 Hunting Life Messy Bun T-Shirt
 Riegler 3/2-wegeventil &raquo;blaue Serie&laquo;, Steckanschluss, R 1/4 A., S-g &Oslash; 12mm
...
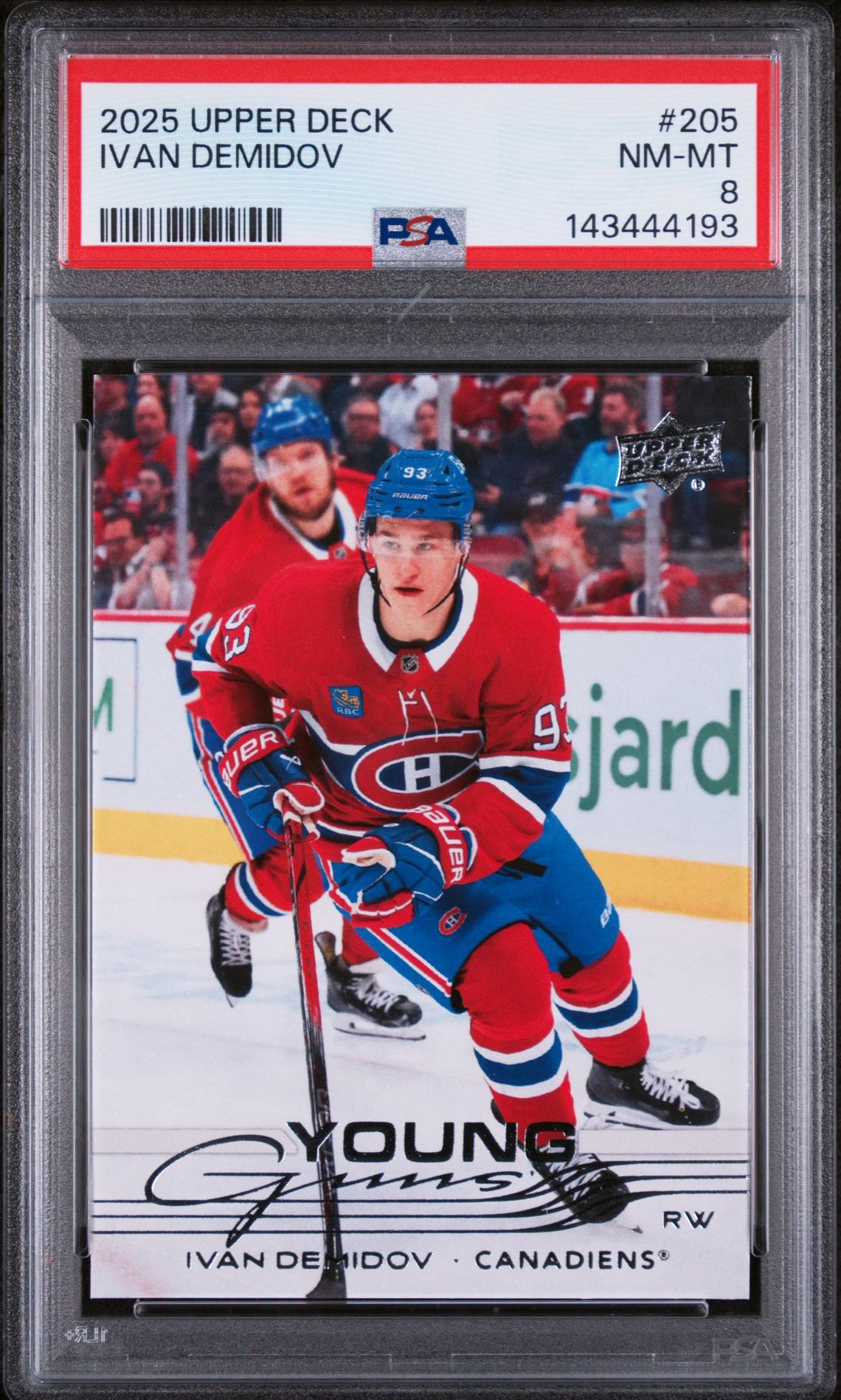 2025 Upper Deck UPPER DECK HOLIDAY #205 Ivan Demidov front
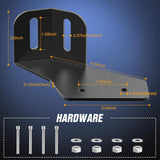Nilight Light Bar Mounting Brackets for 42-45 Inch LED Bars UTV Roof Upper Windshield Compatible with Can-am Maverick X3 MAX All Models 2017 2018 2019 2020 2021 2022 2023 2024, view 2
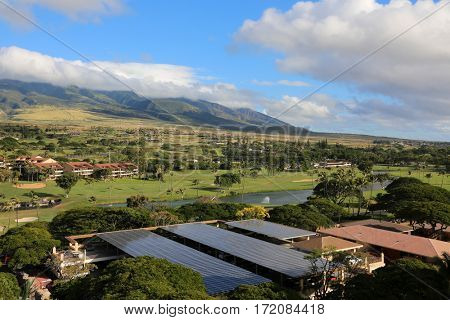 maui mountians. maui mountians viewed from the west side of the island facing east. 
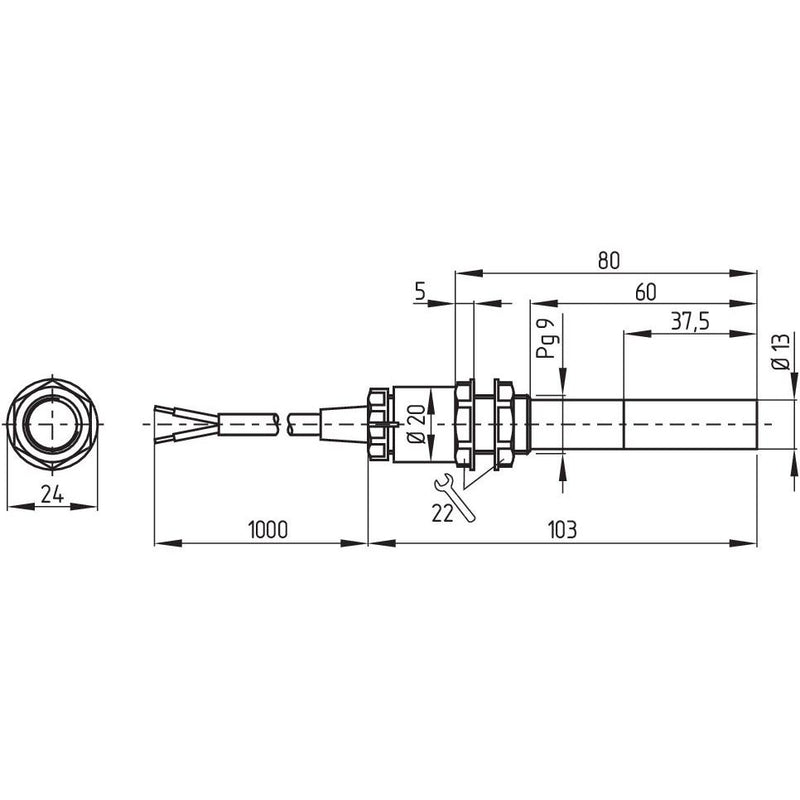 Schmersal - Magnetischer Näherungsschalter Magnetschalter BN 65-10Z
==
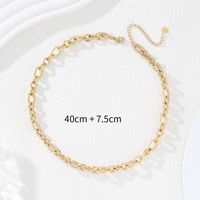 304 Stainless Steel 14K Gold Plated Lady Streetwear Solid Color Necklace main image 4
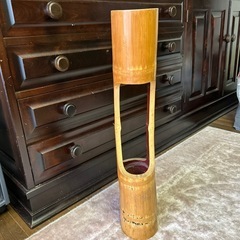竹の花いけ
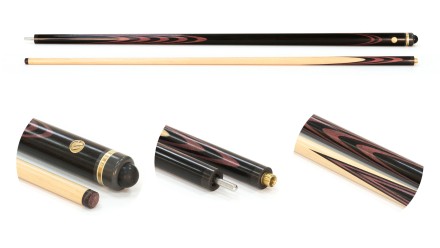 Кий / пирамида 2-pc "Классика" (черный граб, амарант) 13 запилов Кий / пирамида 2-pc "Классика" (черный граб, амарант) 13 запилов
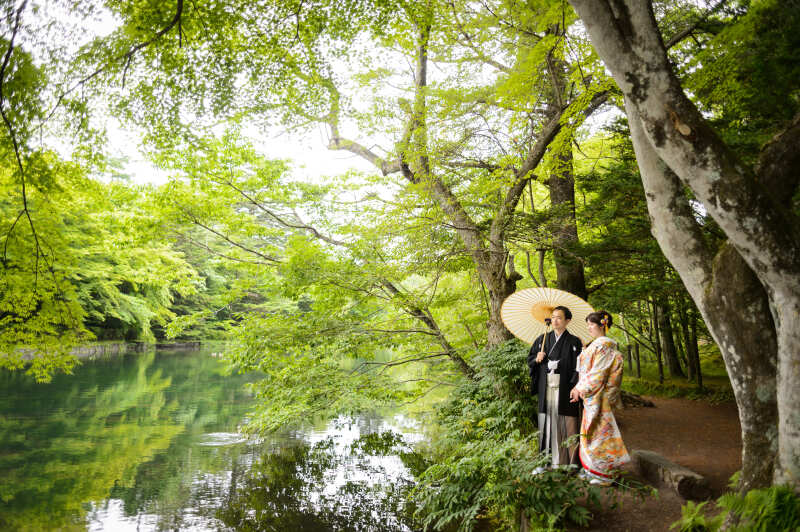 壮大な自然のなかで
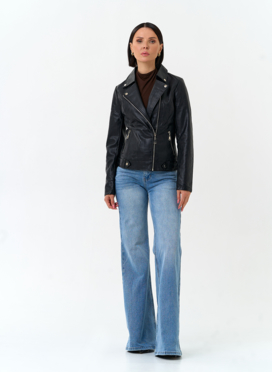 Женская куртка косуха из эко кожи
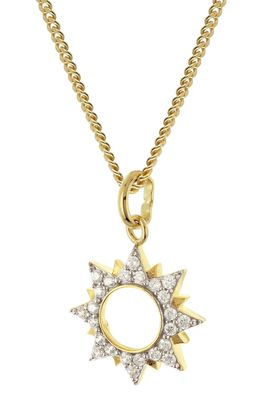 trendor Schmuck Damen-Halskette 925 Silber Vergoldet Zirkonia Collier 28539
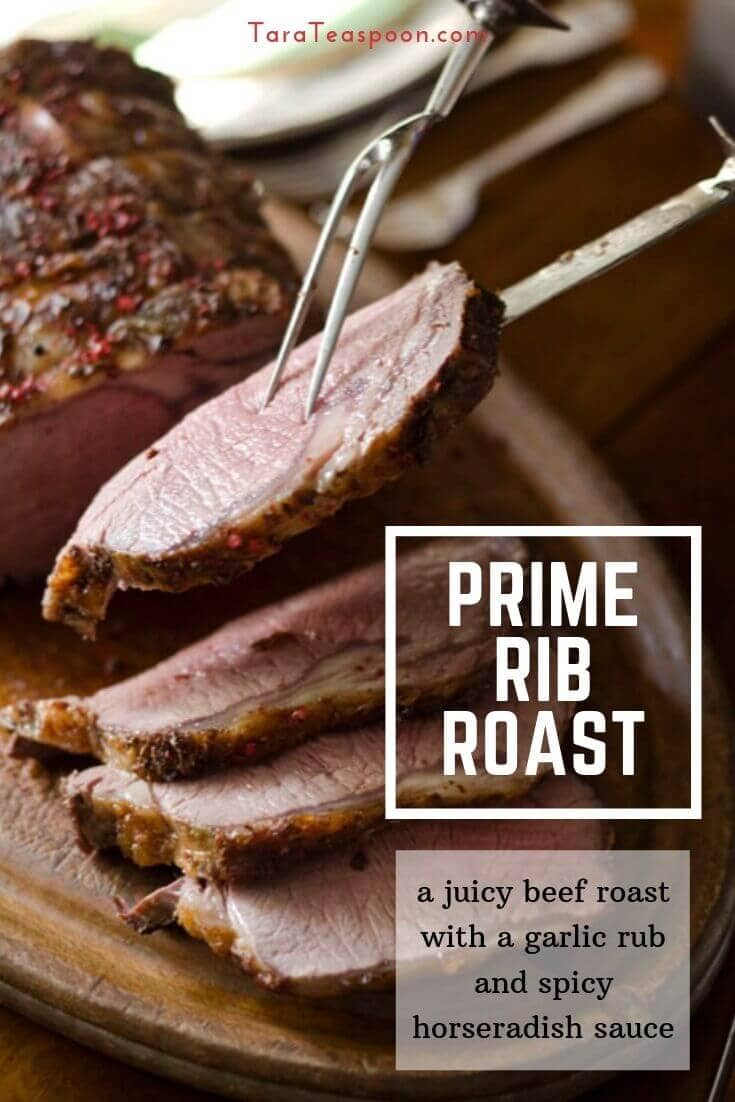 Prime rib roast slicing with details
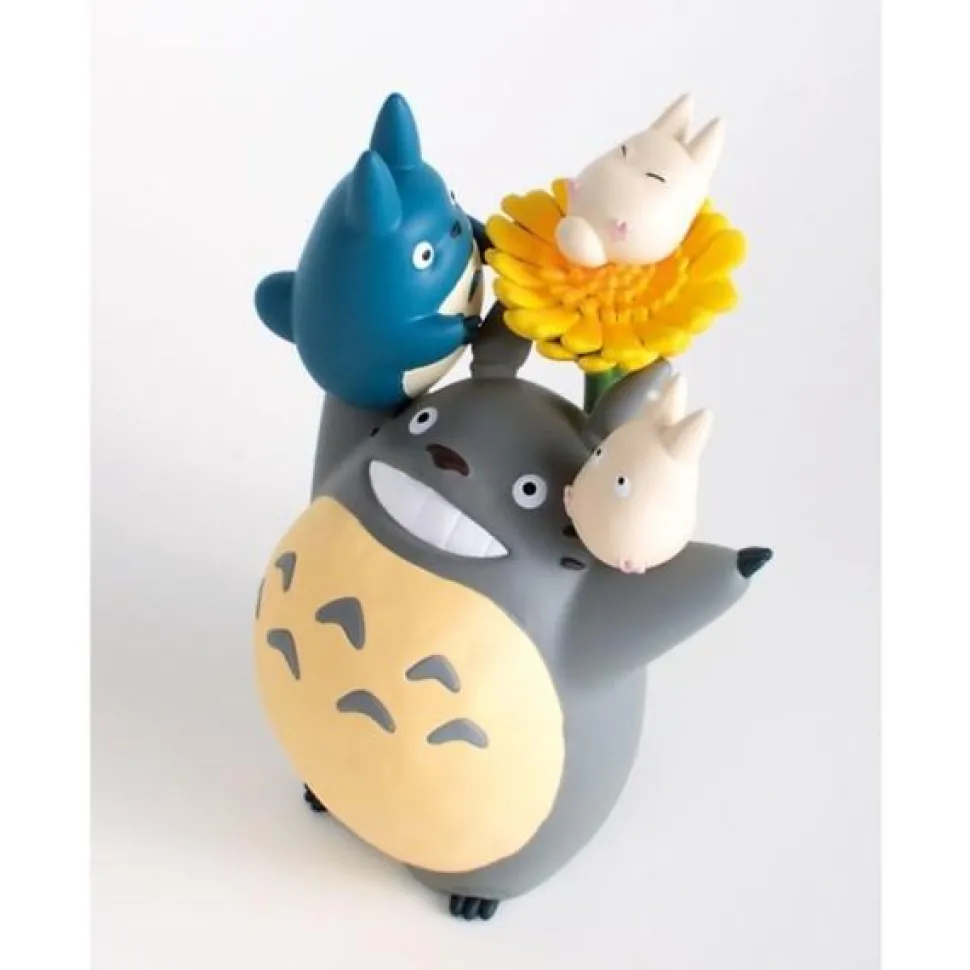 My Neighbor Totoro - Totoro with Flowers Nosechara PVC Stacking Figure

* Exercise *
Look above for the line containing "Hunting Life Messy Bun T-Shirt". Output from there through the line containing "Riegler 3/2-wegeventil &raquo;blaue", exactly and inclusively.

* Answer space *
 Hunting Life Messy Bun T-Shirt
 Riegler 3/2-wegeventil &raquo;blaue Serie&laquo;, Steckanschluss, R 1/4 A., S-g &Oslash; 12mm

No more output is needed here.